Materials and position
Nests are built in dark recesses in caves, crevices on rock faces and in buildings. In Scotland a third of nests are in buildings.
The pair builds the nest of dry twigs, roots, moss, and plant stems, occasionally bound with mud. The nest is thickly lined with wool and occasionally other animal hair, man-made material, and thistle down. It is often used in successive years, freshly re-lined each time.
The life of a chough
Pair bond is monogamous and of long duration. Pair-members remain together all year, and tend to join and leave flocks in pairs.
They roost communally outside breeding season, and non-breeders often do so all year. During the breeding season nesting pairs roost at or close to their nest site, and fledged young will return to the nest to roost for about two months after fledging. Nesting pairs will join daytime feeding flocks to forage outside their immediate territory.
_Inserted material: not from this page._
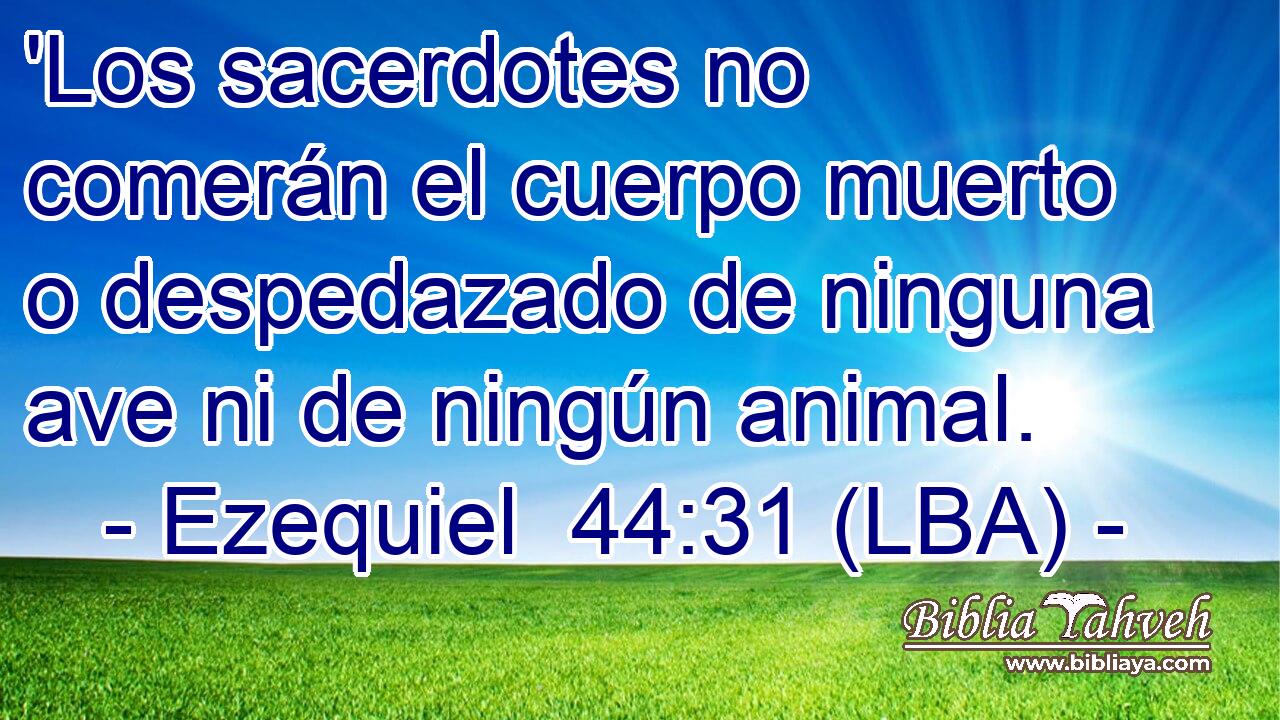 'Los sacerdotes no comerán el cuerpo muerto o despedazado de ninguna ave ni de ningún animal.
The female lays 3-5 eggs at 1-3 day intervals in April. She incubates alone for 17-21 days, beginning with the third or fourth egg. The female broods the young almost continuously for the first two weeks with the male supplying all the food. Both adults bring food later. The young are fed on regurgitated food consisting of a variety of insect matter, especially ants.
The young fly at 6-7 weeks of age. They are able to feed themselves three weeks later, but remain with their parents for a further 1-2 weeks. Once the young are independent, they join a flock of other immature birds, sometimes many miles from their birth place. They only leave the flock when ready to breed themselves. There are occasional reports of a helper at the nest of an established pair.
The first six months after fledging are dangerous for the young birds, and many of them perish. The birds reach maturity and breed for the first time when they are between two and four years old. Birds that get this far can expect to live for a further three years.
Maximum life expectancy of a chough is 10 years, though occasional older ones have been recorded - the oldest known individual was 20 years old.